Mam Pan racje, szkoda czasu na gadanie, zamowienie poszlo :)
Jak to jest z koszulka z Johnem W., bo moglem dodac dwie (zrobilem to dla proby a pozniej wycofalem sie) do koszyka, "L" i "XL", a w opisie jest info, ze zostala tylko jedna sztuka? Czyli jaki rozmiar zostal?
Przy okazji - dla faceta 182, normalnej budowy.
![]() |
Pointblack @zkr 13 grudnia 2024 17:28 |
13 grudnia 2024 18:30 |
Tam był chyba błąd. Mam dwie L i dwie XL. Już poprawiłem.

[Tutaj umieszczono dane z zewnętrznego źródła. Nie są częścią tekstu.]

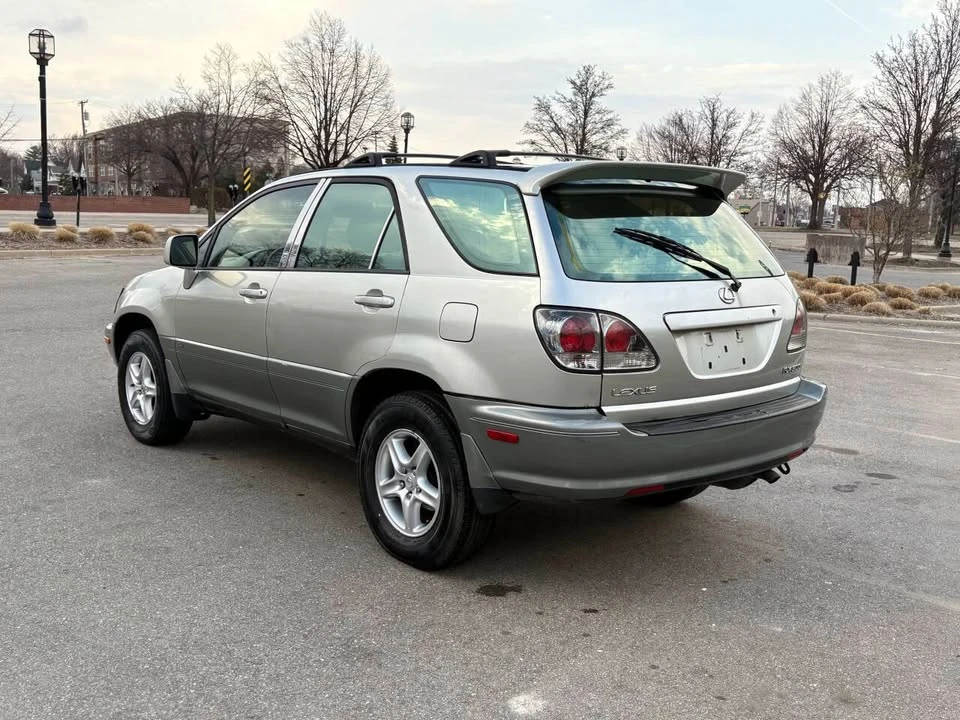 2003 Lexus RX 1st Gen - Image 11 of 19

Powinno już działać. Ja mam 183 i noszę L (jestem normalnej budowy). XL jest nieco dłuższe, ale też dla osoby nieco szerszej.;-)
![]() |
zkr @Pointblack 13 grudnia 2024 18:30 |
13 grudnia 2024 18:34 |
No to nie gadam dalej i zamawiam :)
P.S. Widze, ze nie ma platnosci karta czy sie myle?
![]() |
Starybelf @Pointblack |
13 grudnia 2024 18:46 |
Kłaniając się czapką do ziemi, po polsku - za świetną pracę, muszę dodać, że brakuje mi dwóch postaci: Carlosa Santany i Steve Lukathera. To tak ode mnie, czekając na wizerunki.
Pozdrowienia.
![]() |
Pointblack @zkr 13 grudnia 2024 18:34 |
13 grudnia 2024 19:08 |
Nie pamietam. Jest bramka szybkiej płatości i Blik. Poza tym na stronie jest numer konta w zakładce „dostawa i płatności”
![]() |
Pointblack @Starybelf 13 grudnia 2024 18:46 |
13 grudnia 2024 19:09 |
Lukather jest wspomniany w jednym rozdziale, a Carlos się nie załapał bo... może nagrabił sobie płytą Supernatural. ;-)))
Pozdrawiam!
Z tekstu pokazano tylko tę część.